The film is about four bored college girls named Faith (Selena Gomez),
Candy (Vanessa Hudgens), Brit (Ashley Benson) and Cotty (Rachel Korine),
who want to party during spring break. When they can't pool enough money
together for the trip, they decide to rob a diner. They reach the spring
break destination, only to be arrested by the police and then bailed out
by a man calling himself Alien (James Franco). He is a drug dealer that
encourages them to join him on a crime spree and wipe out a nearby rival
gangster.
In an interview with the Australian movie magazine FilmInk, Korine
discussed his intentions for the film: "I make movies because I like the
story and the characters. I'm not making a movie that's an indictment on
American culture, or a movie that's about boobs or guns - those are
parts of that world and that fabric, but it's not about
that." As Korine suggests, the film's point becomes extremely elusive,
particularly when the filmic style is separated from the theme, and his
direction relies on technique to substitute plotting.
The early scenes work to instill feelings of belonging. The long shots
of the still, tired, grey and empty college grounds reflects the girls'
isolation because they fear they won't experience anything new or meet
anyone exciting as everyone has already left for spring break without
them. These shots are juxtaposed by the party scenes, which are filmed
through the extensive use of montage, with music playing over
slow-motion and highly saturated images.
It provides these ugly scenes of drinking, drugs and senseless nudity as
a dream-like vision of paradise in the minds of these morally corrupted
girls. "Pretend it's a video game...act like you're in a movie," one of
the girls says to further highlight their detachment from reality.
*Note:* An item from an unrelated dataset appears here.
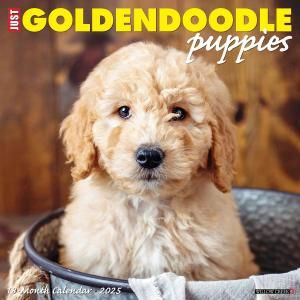 WillowCreekǥɥɥ ѥԡ---JUST GOLDENDOODLE PUPPIES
The
night scenes reflect darkness in mood and lighting but also moral decay,
with only the fluorescent colours of the girls' costumes brightening the
screen to suggest their belief in their own self-importance, while the
broader landscape of society fades into the shadows.
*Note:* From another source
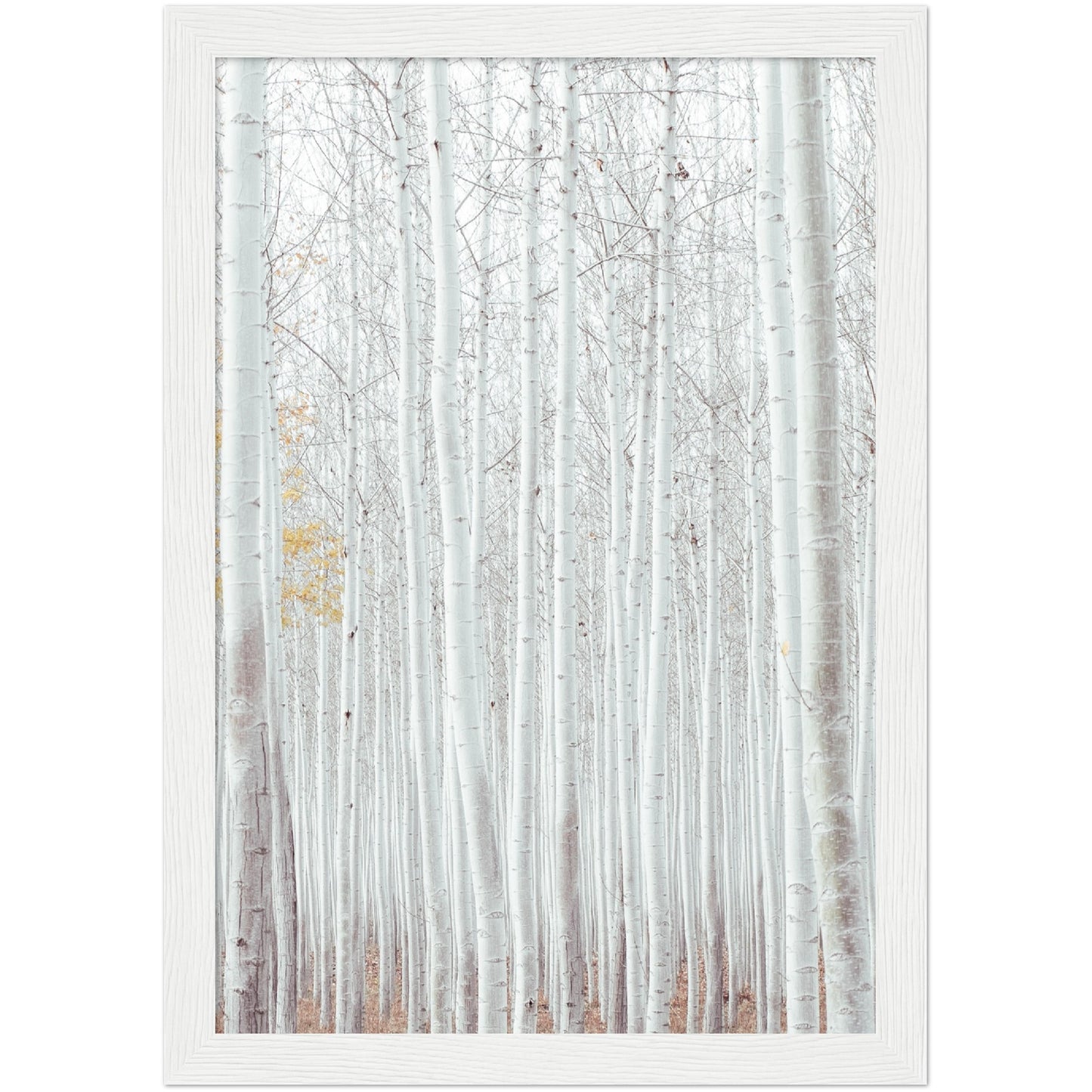 White Trees Print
However, the film's voyeuristic disposition reveals Korine's apathy
towards character development and narrative thrust. Korine's costume
choice of leaving the girls in their swimsuits for most of the film, and
the way that his camera lingers over those raunchy party scenes, evokes
an unintentionally creepy sense of perversion. Apart from the opening
scenes, the elaborate neon visuals eclipse the story and characters,
with the repetitive vision of raunchy partying making the film seem
excruciatingly long and banal.
Selena Gomez is the only standout of the girls, proving that she can act
by showing some believable emotion. However, the religious symbolism of
her character barely registers as one-dimensional and the other three
girls, despite their intimidation factor, are underwritten and lack
distinction. James Franco provides the most memorable role of his career
as Alien, a cross between a hip-hop rapper and the Devil, who has a
cornrows haircut, gold teeth and dresses like a gangster.
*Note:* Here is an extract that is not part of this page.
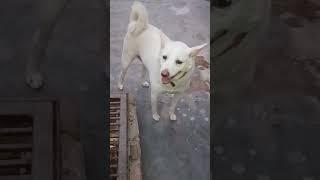 #dog #shortvideo #doglove 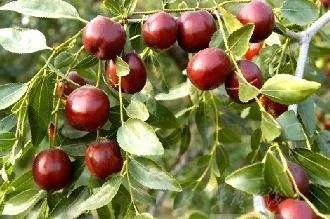 �̵�36��Ұ����ȫ�������ϳ����֣�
He's utterly mesmerising and funny, but what exactly does his character
want? He uses the girls for crime jobs but never really needed to as he
has his twin henchmen. Sex is an option he fulfils, but not straight
away either. A promising seed of conflict is planted when the girls look
as though they'll rob or kill Alien, only for the moment to fizzle out.
He embodies a bastardised version of the American Dream: to take
everything you want, while you can, but not understand what to do with
it. In a very funny scene, he showcases all of the useless things he was
able to obtain, including several kinds of shorts, a looping copy of
Scarface, and nunchucks.
Alien's artlessness is amplified strikingly through the film's best and
strangest scene, where he sits at a piano, surrounded by the girls
dressed in pink balaclavas, carrying assault weapons, and declares
Britney Spears as one of the best singers of all time. He starts singing
Britney's song "Everytime" and then a montage opens with the song
playing over images of the girls' crime spree. Decadence is visualised
magnificently but in the end the film is hypocritical: a hasty attack on
a pop generation when the film itself is not art but poorly disciplined
and morally questionable.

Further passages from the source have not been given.